The generalized Parseval identity states that given $\{e_i\}_1^\infty$ a complete orthonormal system in Hilbert space $H$ then for all $g,h\in H : \langle g,h\rangle =\sum_{i=1}^{i=\infty} \langle g,e_i \rangle \langle e_i , h \rangle$. I don't know if it is true, yet I try to show that the series absolutely converges, i.e $\sum_1^\infty |\langle g,e_i\rangle||\langle e_i,h\rangle| <\infty $.

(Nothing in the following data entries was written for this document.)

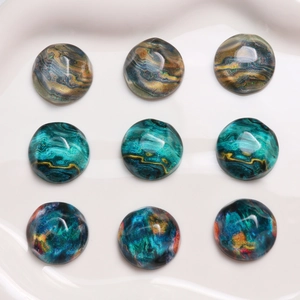 Vintage round resin cabochons with oil painting water ripple prints for DIY earrings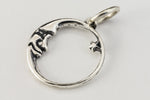 16mm Sterling Silver Quarter Moon with Star Charm #BSP043-General Bead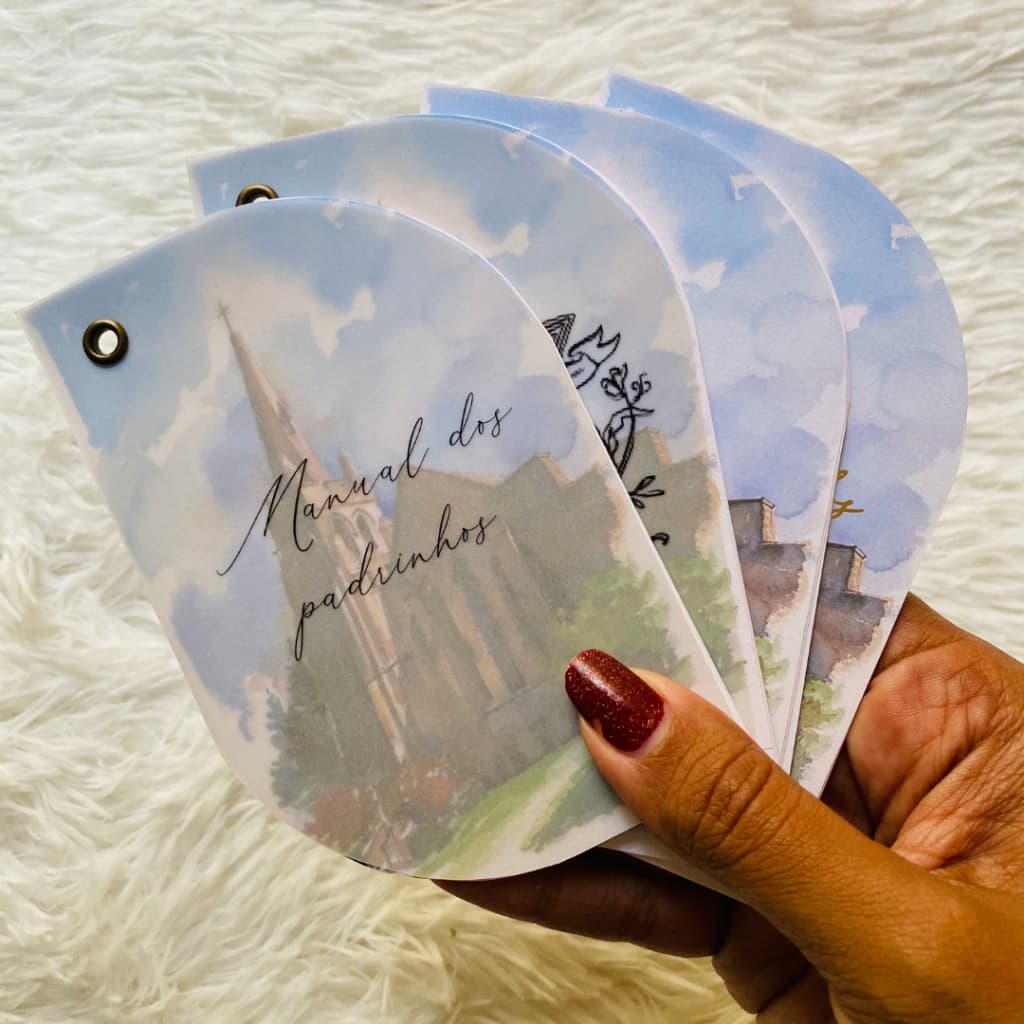 Manual de Padrinhos para Casamento Minimalista com Aquarela - Dois cantos arredondados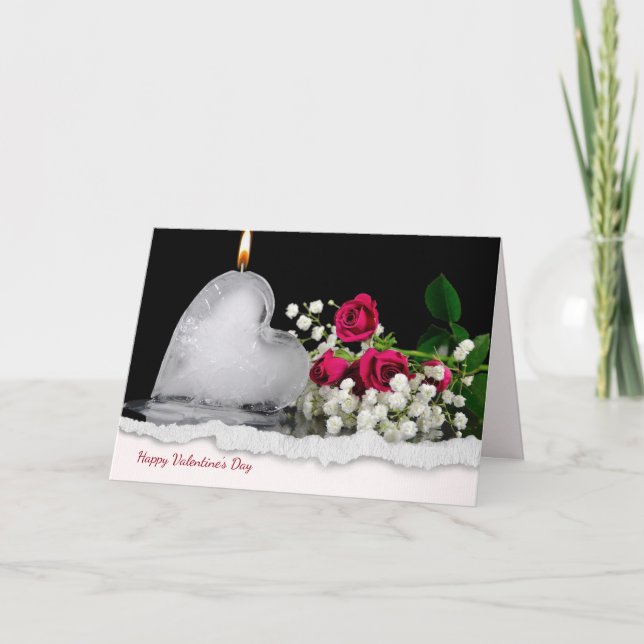 Invitation bougie en forme de coeur de glace fondant avec bor (Devant)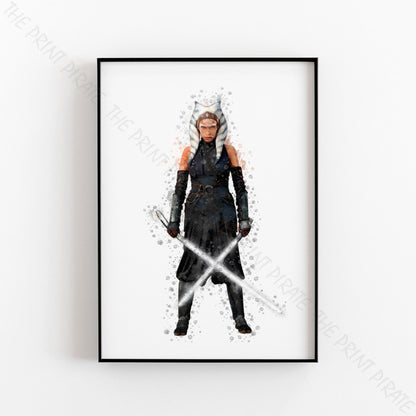 Star Wars 'AHSOKA TANO' Watercolour Splash Wall Art Print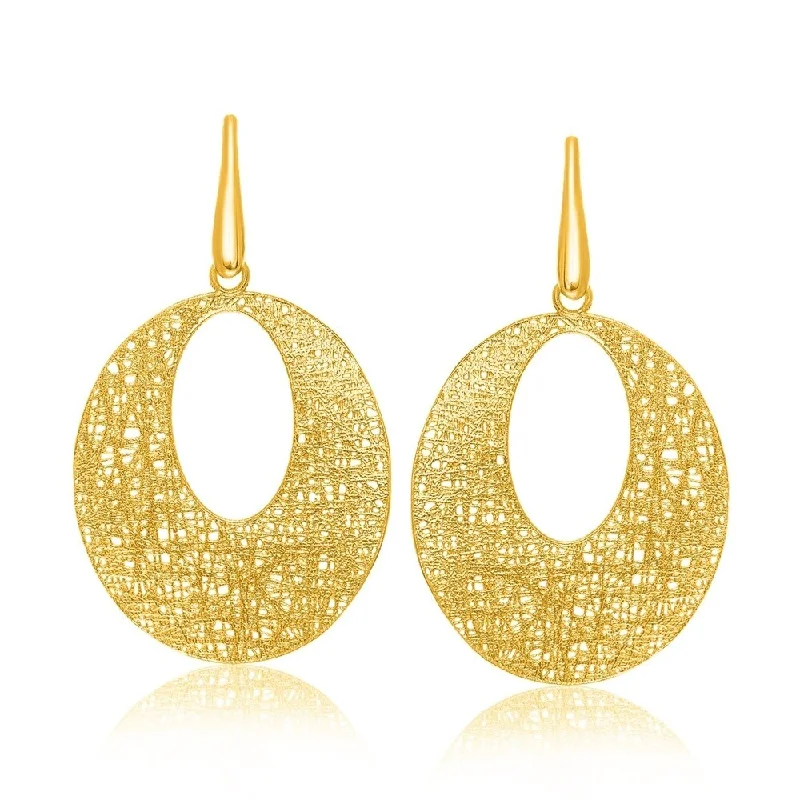 14k Yellow Gold Lace Weave Design Open Oval Earrings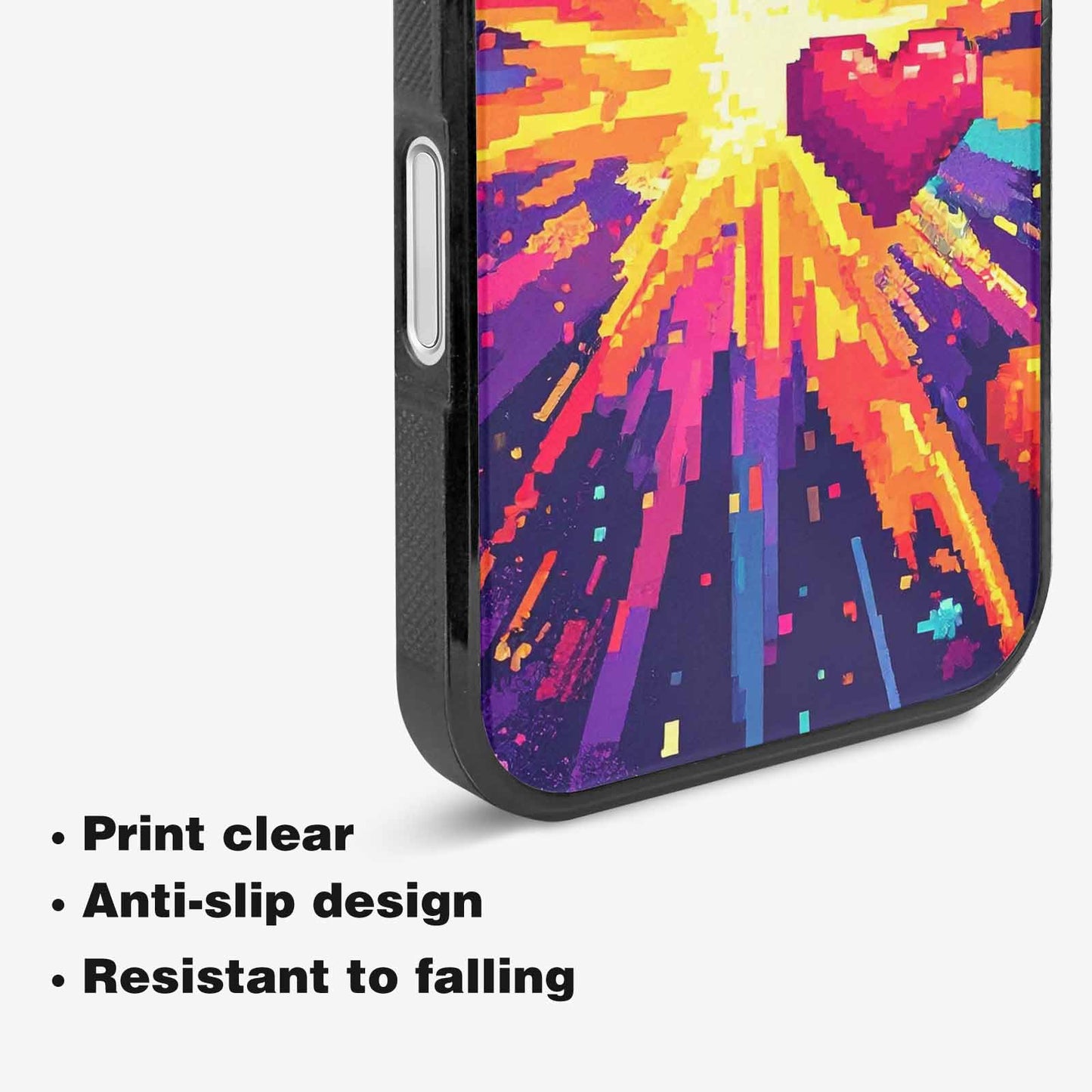iPhone 16 Plus Case — Pixel Art 8 Bit Burst Pattern, Custom Designed Case Cover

The only thing I had in mind for bounding $\sum_1^\infty |\langle g,e_i\rangle||\langle e_i,h\rangle|$ is Cauchy Schwartz inequality , i.e $\sum_1^\infty |\langle g,e_i\rangle||\langle e_i,h\rangle| \le \sum_1^\infty ||g||\cdot||e_i||\cdot||e_i|| \cdot||h|| = \sum_1^\infty ||g|| \cdot ||h||$ , but it seems as if this is too curse bound since this sum doesn't generally converge.
Best Answer
Fix $n \in \Bbb{N}$, and consider the vectors \begin{align*} u &= (|\langle g, e_1 \rangle|, \ldots, |\langle g, e_n \rangle|), \\ v &= (|\langle e_1, h \rangle|, \ldots, |\langle e_n, h \rangle|). \end{align*} Then, by Cauchy-Schwarz on $\Bbb{R}^n$, $$u \cdot v \le \|u\| \|v\| \implies \sum_{i=1}^n |\langle g, e_i \rangle| |\langle e_i, h \rangle| \le \sqrt{\sum_{i=1}^n |\langle g, e_i \rangle|^2} \sqrt{\sum_{i=1}^n |\langle e_i, h \rangle|^2}.$$ Given that the $e_i$s are orthonormal, we have \begin{align*} \sqrt{\sum_{i=1}^n |\langle g, e_i \rangle|^2} &\le \|g\| \\ \sqrt{\sum_{i=1}^n |\langle e_i, h \rangle|^2} &\le \|h\|, \end{align*} hence $$\sum_{i=1}^n |\langle g, e_i \rangle| |\langle e_i, h \rangle| \le \|g\| \|h\| < \infty.$$